## What you should do
Word for word, set down every line of the entries below from the line with "map of restaurants, bars, coffee" to the line with "Solitaire Ring with", including both, and no other line.

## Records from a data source

[Start of section]

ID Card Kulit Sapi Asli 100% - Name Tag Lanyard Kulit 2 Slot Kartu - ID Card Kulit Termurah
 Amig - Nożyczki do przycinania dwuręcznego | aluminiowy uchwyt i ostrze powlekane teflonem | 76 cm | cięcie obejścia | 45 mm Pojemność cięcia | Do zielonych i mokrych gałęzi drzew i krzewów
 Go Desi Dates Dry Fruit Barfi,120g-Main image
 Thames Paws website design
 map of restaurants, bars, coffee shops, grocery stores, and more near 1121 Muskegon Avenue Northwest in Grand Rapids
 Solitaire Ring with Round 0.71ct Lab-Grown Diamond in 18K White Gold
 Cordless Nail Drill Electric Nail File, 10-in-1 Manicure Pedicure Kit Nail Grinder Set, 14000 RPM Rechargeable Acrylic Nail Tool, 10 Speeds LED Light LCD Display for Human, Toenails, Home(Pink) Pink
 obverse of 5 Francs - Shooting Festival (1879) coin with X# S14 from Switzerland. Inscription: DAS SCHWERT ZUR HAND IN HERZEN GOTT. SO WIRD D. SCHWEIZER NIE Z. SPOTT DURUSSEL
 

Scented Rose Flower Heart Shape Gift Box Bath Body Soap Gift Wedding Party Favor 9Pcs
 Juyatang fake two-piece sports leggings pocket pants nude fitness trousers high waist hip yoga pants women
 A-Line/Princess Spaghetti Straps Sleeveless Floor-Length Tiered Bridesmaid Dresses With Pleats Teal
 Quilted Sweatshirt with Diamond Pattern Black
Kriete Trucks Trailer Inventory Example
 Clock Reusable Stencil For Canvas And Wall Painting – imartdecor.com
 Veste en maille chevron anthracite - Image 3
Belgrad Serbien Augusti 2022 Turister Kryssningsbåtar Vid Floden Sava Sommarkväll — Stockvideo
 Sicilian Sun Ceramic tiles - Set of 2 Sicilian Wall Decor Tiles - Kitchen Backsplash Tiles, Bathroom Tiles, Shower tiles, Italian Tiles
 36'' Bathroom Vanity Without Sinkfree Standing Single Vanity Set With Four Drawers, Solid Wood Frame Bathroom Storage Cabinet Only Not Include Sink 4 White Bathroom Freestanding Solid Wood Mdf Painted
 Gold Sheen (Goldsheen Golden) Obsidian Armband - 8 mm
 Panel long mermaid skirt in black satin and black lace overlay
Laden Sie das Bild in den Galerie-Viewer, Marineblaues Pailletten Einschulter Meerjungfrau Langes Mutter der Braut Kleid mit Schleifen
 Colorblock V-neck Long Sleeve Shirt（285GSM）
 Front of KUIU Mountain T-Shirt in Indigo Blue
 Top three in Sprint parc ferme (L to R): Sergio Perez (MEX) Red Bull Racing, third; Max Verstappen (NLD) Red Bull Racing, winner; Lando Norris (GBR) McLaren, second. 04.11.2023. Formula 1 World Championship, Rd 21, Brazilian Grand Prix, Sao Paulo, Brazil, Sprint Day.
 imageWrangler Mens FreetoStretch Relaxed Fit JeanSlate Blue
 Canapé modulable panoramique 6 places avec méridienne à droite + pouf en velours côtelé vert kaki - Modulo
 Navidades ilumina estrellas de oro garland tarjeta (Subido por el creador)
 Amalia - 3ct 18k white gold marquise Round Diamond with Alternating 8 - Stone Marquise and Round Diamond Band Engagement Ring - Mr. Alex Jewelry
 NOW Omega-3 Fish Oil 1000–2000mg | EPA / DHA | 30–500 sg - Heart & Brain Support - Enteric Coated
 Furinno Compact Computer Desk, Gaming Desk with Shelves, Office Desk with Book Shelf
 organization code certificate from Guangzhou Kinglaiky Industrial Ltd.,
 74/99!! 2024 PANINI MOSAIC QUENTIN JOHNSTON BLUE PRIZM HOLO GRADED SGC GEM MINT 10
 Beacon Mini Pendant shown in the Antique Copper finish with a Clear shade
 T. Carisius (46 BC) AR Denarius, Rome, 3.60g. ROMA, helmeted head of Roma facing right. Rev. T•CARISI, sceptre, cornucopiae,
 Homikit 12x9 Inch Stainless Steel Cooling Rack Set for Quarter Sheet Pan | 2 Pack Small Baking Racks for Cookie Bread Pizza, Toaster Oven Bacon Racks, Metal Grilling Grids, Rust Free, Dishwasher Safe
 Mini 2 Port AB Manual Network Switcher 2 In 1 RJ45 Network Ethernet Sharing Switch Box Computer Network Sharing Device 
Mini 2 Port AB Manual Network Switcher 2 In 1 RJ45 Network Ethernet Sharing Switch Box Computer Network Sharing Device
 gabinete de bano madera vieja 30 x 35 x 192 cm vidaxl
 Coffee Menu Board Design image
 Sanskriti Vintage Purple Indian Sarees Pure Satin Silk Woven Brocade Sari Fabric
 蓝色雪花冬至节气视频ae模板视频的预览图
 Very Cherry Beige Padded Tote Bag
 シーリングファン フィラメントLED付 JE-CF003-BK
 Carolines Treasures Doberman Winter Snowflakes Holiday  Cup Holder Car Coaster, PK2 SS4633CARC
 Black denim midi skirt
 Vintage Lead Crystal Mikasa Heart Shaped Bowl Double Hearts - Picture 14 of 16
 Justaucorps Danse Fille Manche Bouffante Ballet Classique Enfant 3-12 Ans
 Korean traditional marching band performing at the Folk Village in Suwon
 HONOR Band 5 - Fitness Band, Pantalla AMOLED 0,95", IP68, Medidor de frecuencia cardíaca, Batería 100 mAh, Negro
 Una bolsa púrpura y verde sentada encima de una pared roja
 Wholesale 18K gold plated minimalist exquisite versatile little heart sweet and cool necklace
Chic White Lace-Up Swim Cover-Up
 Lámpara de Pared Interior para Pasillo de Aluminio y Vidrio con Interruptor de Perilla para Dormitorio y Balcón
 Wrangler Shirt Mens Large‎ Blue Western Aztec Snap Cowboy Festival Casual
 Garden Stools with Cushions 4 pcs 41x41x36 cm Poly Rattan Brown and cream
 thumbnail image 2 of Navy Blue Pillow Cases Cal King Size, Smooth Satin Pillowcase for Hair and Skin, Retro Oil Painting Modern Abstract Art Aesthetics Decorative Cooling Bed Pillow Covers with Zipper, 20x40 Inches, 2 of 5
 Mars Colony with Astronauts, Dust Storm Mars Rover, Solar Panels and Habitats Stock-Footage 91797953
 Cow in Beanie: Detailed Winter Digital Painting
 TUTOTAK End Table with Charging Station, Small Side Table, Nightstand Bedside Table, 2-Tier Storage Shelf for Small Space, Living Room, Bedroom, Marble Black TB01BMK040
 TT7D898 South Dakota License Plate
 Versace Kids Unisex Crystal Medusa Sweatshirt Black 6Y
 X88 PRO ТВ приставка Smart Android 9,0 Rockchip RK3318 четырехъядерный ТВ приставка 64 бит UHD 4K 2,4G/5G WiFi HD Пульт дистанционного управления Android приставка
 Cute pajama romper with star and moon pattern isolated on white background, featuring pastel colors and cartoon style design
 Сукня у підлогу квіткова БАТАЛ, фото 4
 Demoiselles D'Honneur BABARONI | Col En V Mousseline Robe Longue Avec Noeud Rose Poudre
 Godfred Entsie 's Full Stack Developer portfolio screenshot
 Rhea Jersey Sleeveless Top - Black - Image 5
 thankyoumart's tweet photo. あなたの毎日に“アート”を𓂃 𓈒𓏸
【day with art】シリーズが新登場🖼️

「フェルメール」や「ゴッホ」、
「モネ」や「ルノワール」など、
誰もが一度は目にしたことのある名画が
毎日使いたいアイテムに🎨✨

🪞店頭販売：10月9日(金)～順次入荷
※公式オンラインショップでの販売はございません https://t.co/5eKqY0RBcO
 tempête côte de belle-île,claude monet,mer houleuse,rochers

[End of section]

## Written answer
 map of restaurants, bars, coffee shops, grocery stores, and more near 1121 Muskegon Avenue Northwest in Grand Rapids
 Solitaire Ring with Round 0.71ct Lab-Grown Diamond in 18K White Gold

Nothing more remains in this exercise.